A verbatim transcript of the data below is required, images omitted.

== Available records

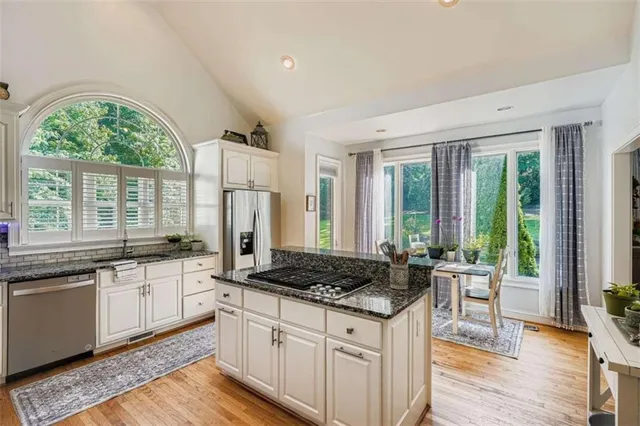 a kitchen with stainless steel appliances granite countertop a stove a sink and a refrigerator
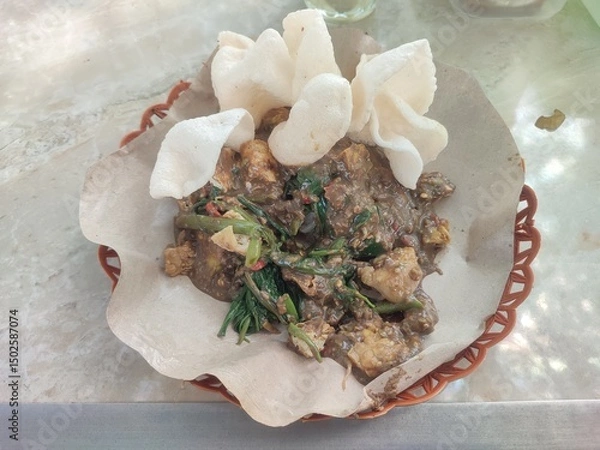Obraz Rujak Cingur is a flavorful East Javanese delicacy from Surabaya, combining cow snout, fruits, vegetables, and spicy petis sauce into a bold, unforgettable taste.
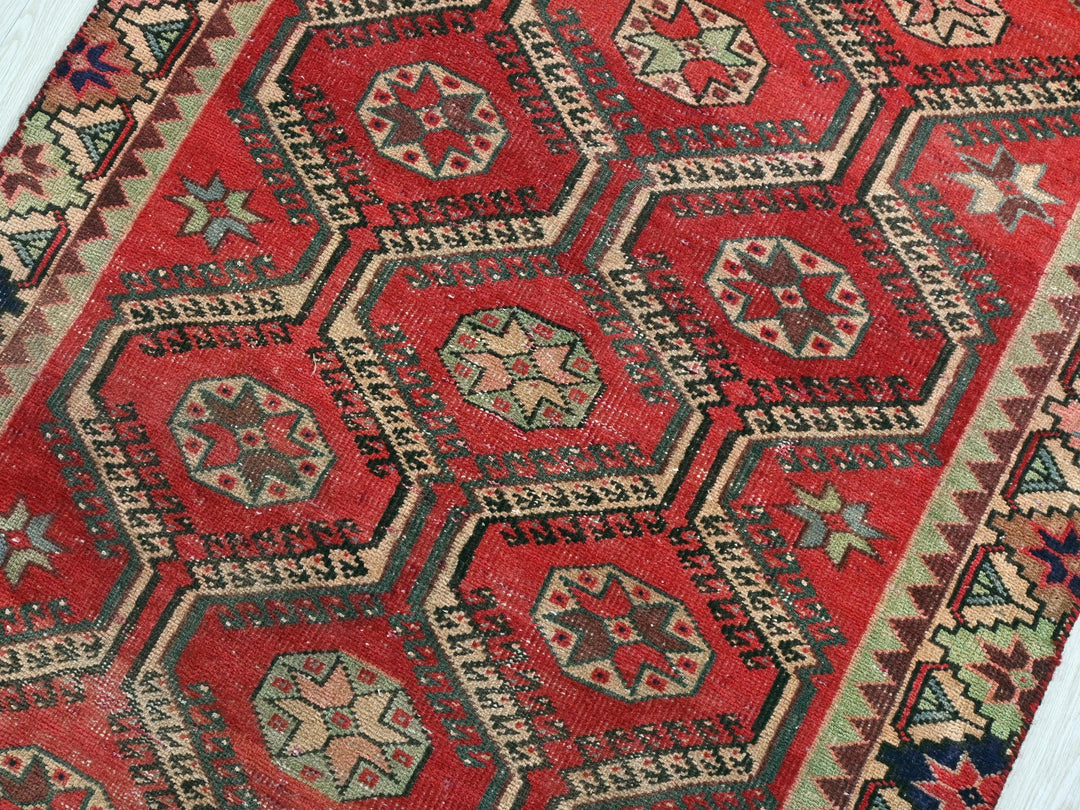 a red rug with many different designs on it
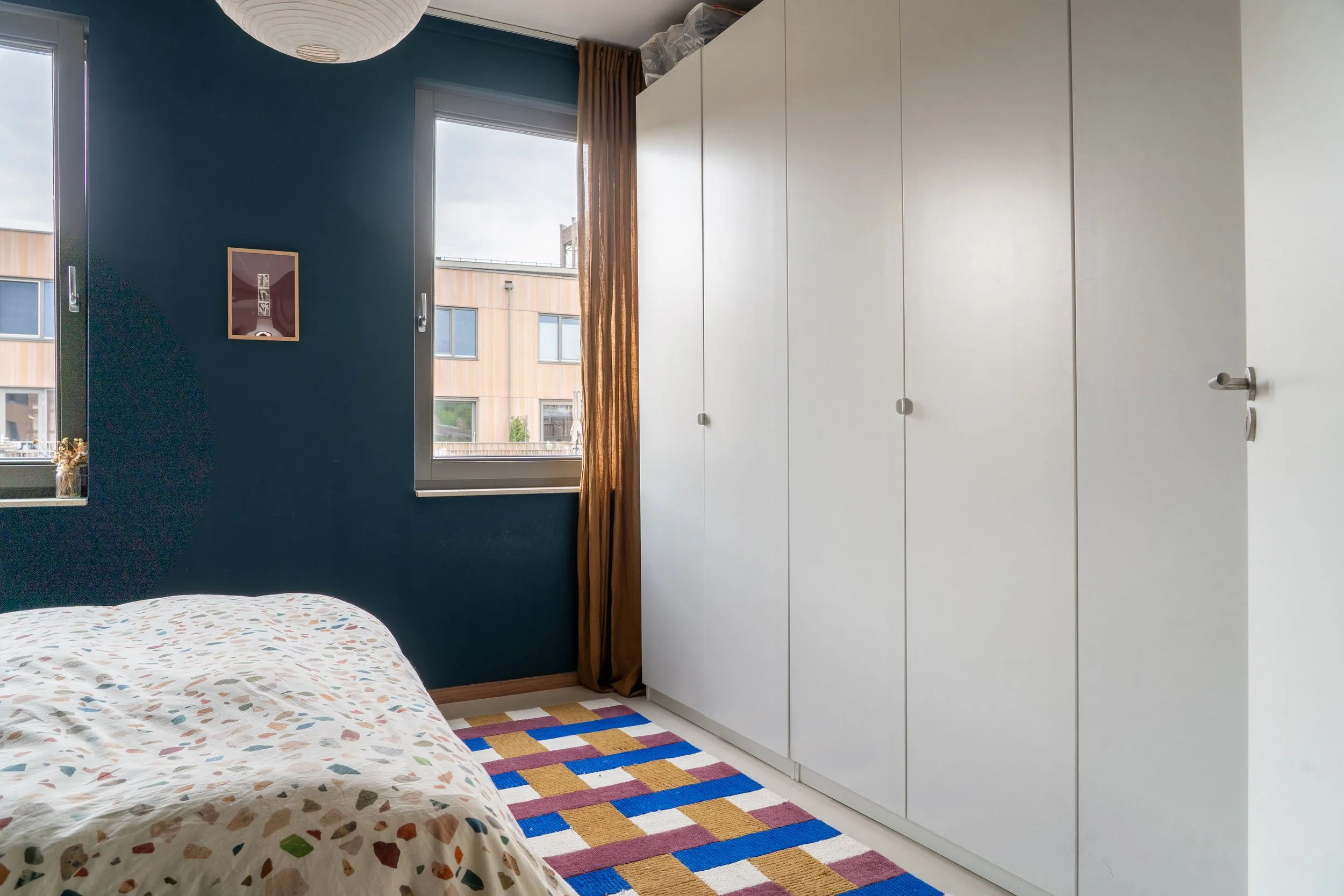 Een slaapkamer met een bed, een grote witte kast, twee ramen en een muur die donkerblauw is. Er hangt een witte lampenkap aan het plafond en er ligt een kleurrijk vloerkleed op de vloer.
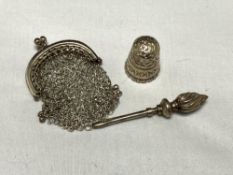 A small silver purse together with thimble and tweezers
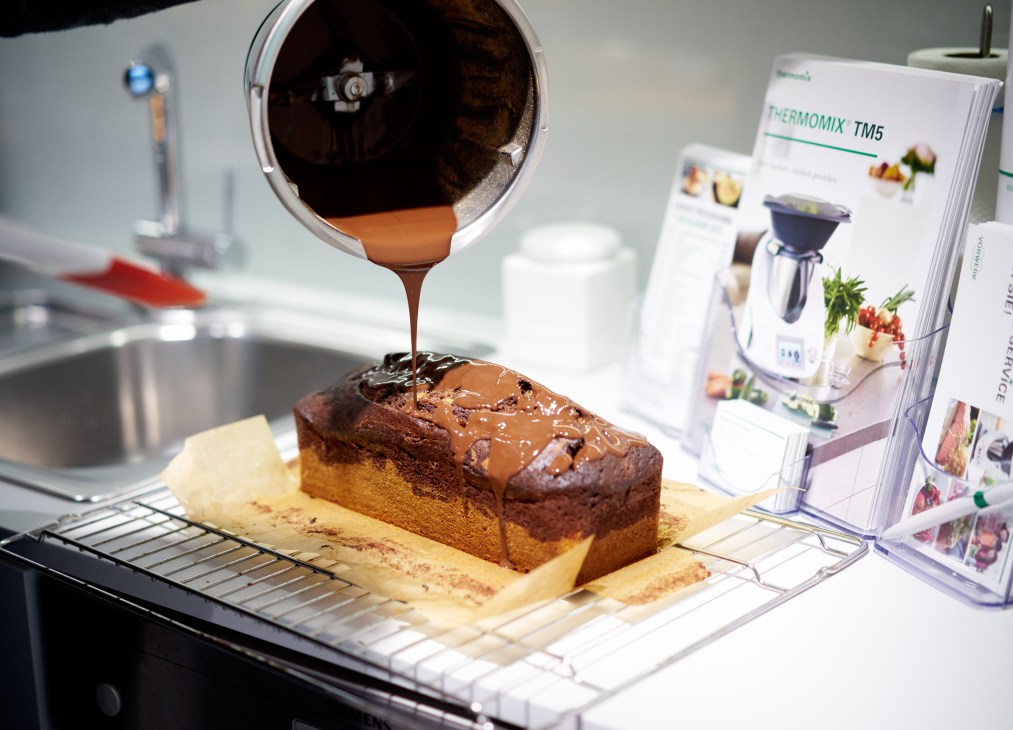 Thermomix TM5 pouring chocolate ganache over a baked cake in a test kitchen.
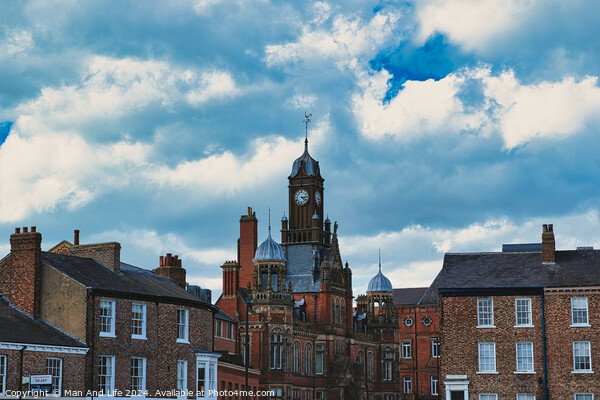 Dramatic clouds loom over a historic town center, featuring a prominent clock tower and classic brick buildings, capturing a quintessential British townscape in York, North Yorkshire, England. Picture Board by Man And Life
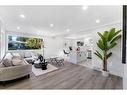 179 Flavelle Road Se, Calgary, AB  - Indoor Photo Showing Living Room 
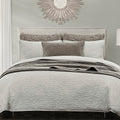 Neatly made bed with gray bedding and decorative pillows in a bedroom setting.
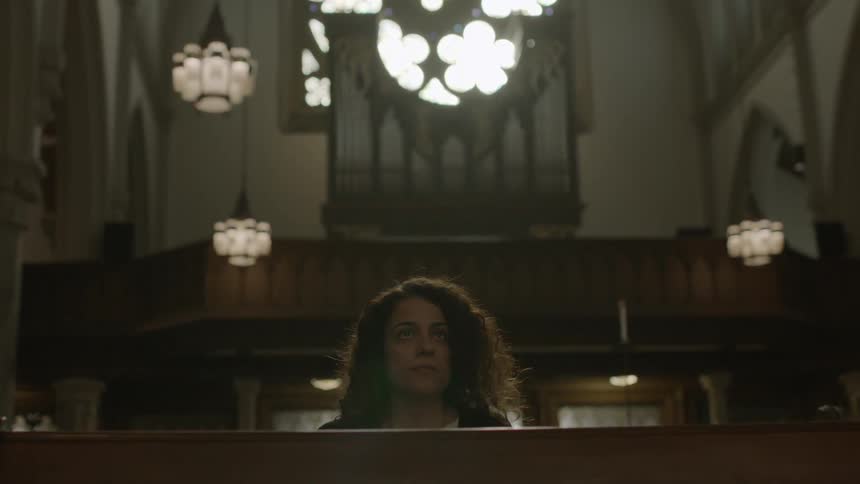 A woman sitting down in a church pew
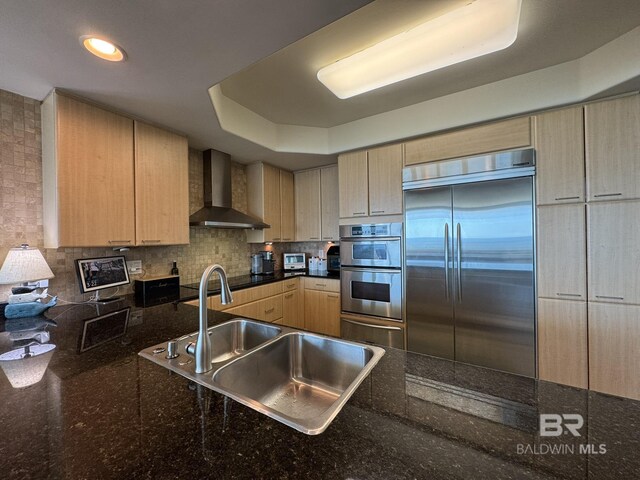 28107 Perdido Beach Blvd Unit D713, Orange Beach, AL 36561 - kitchen with appliances with stainless steel finishes, light brown cabinets, a sink, wall chimney range hood, and backsplash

====

* _Answer below_:
 a kitchen with stainless steel appliances granite countertop a stove a sink and a refrigerator
Obraz Rujak Cingur is a flavorful East Javanese delicacy from Surabaya, combining cow snout, fruits, vegetables, and spicy petis sauce into a bold, unforgettable taste.
 a red rug with many different designs on it
 Een slaapkamer met een bed, een grote witte kast, twee ramen en een muur die donkerblauw is. Er hangt een witte lampenkap aan het plafond en er ligt een kleurrijk vloerkleed op de vloer.
 A small silver purse together with thimble and tweezers
 Thermomix TM5 pouring chocolate ganache over a baked cake in a test kitchen.
 Dramatic clouds loom over a historic town center, featuring a prominent clock tower and classic brick buildings, capturing a quintessential British townscape in York, North Yorkshire, England. Picture Board by Man And Life
 179 Flavelle Road Se, Calgary, AB  - Indoor Photo Showing Living Room 
 Neatly made bed with gray bedding and decorative pillows in a bedroom setting.
 A woman sitting down in a church pew
 28107 Perdido Beach Blvd Unit D713, Orange Beach, AL 36561 - kitchen with appliances with stainless steel finishes, light brown cabinets, a sink, wall chimney range hood, and backsplash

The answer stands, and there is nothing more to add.